Thunderstorms

Thunderstorm
Thunderstorms are most likely to occur in the spring and summer during the afternoon and evening, but they do occur year-round and at all hours.

Key Terms Used by the NWS
The National Weather Service (NWS) is responsible for issuing alert information to the public over the emergency broadcasting radio and TV stations. Here are the key terms that they use in their broadcasts when describing severe thunderstorms:
  • Severe Thunderstorm Watch - Conditions are favorable for the development of a severe thunderstorm in particular areas.
  • Severe Thunderstorm Warning - Conditions have been reported by spotters or detected by radar that represent imminent danger to life and property of those in the path of the storm.
Take Protective Actions
Despite their relatively small size (the average storm is 15 miles in diameter and 30 minutes in duration), all thunderstorms are dangerous, producing heavy rain, strong winds, and lightning. New Castle County experiences an average of 2,150 lightning strikes per year. The air near an average lightning strike is heated to 50,000º F. The rapid heating and cooling of the air causes a shockwave that results in thunder. If you can hear the thunder, you are close enough to be struck by lightning and you need to implement the following protective actions for you and your family members immediately.

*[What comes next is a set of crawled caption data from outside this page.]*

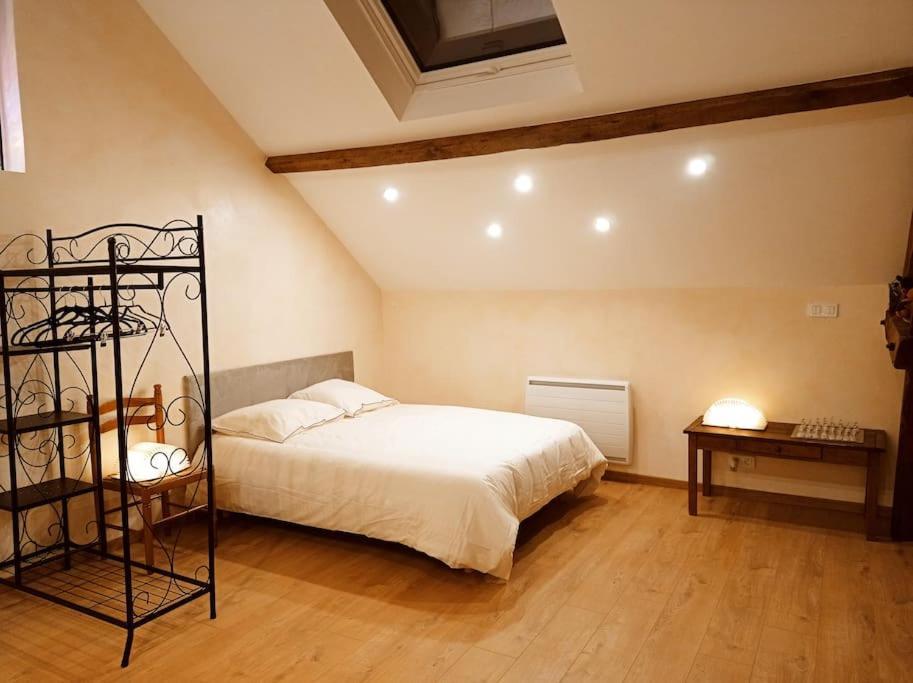 Saint-Angel La Grange De Marie A St Angel - Magnifique Grange Renovee En Loft Pour 1 A 6 Pers别墅 外观 照片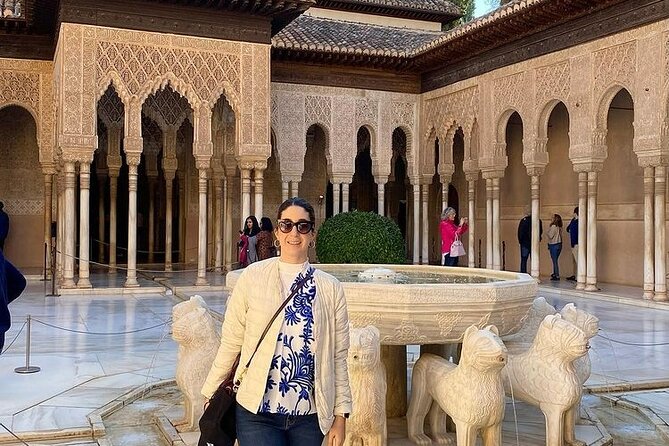 Alhambra Experience – Explore Nasrid Palaces & Generalife Gardens - Stop 3: Generalife gardens, where the mood changes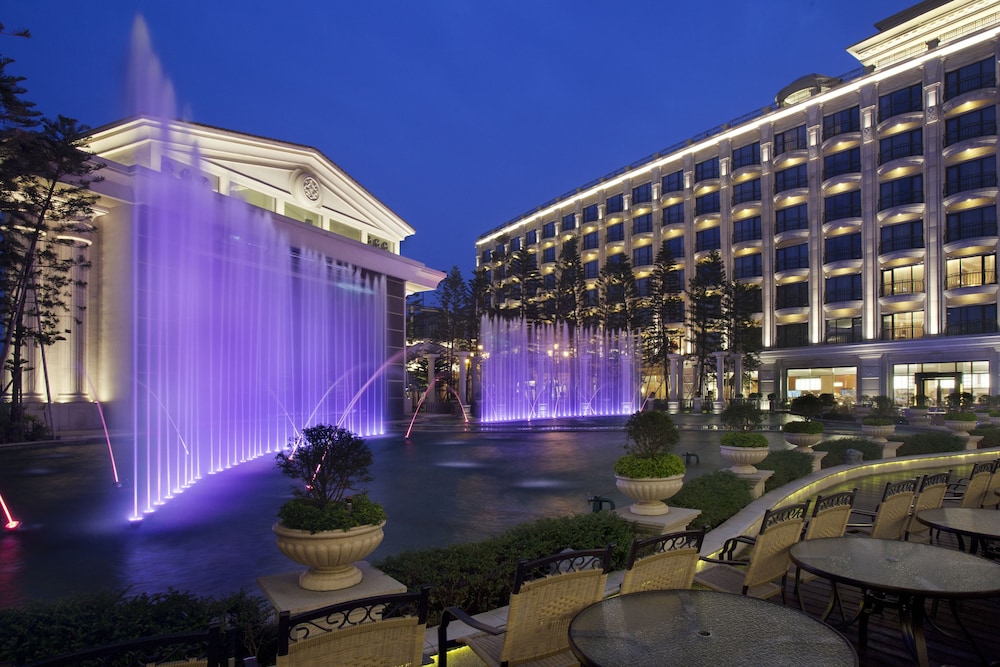 E-Da Royal Hotel 3/66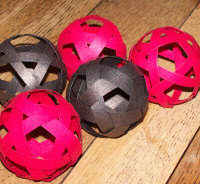 Natale - riciclo creativo carta per realizzare palline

Protective Actions When Home
  • Stay inside and away from windows.
  • Unplug electrical appliances, entertainment devices, and lead cables / wires.
  • Do not use water faucets, bathtub, shower, hot tub, or other items connected to your water system.
  • Do not use telephones, except for emergency calls (cell or cordless phone is a safer choice than a corded phone, but distance yourself from its power base).
  • Practice the 30-minute rule - wait at least 30 minutes after last seeing lightning or hearing thunder before going outside or resuming normal activities. "When thunder roars, stay indoors."
Protective Actions When Outside
  • Seek a substantial, enclosed building or metal-topped vehicle with windows up, engine off, and radio off.
  • If shelter is not available, find a low spot in an area away from natural lightning rods and metal objects such as tall trees, fences, poles, water, hill tops, recreational and farm equipment, motorcycles, golf carts, golf clubs, bicycles, baseball hats, and guard rails.
  • Position yourself to be the smallest and lowest object in the area by squatting low to the ground on the balls of your feet and placing your hands on your knees with your head between them.
  • Practice the 30-minute rule - wait at least 30 minutes after last seeing lightning or hearing thunder before going outside or resuming normal activities. "When thunder roars, stay indoors."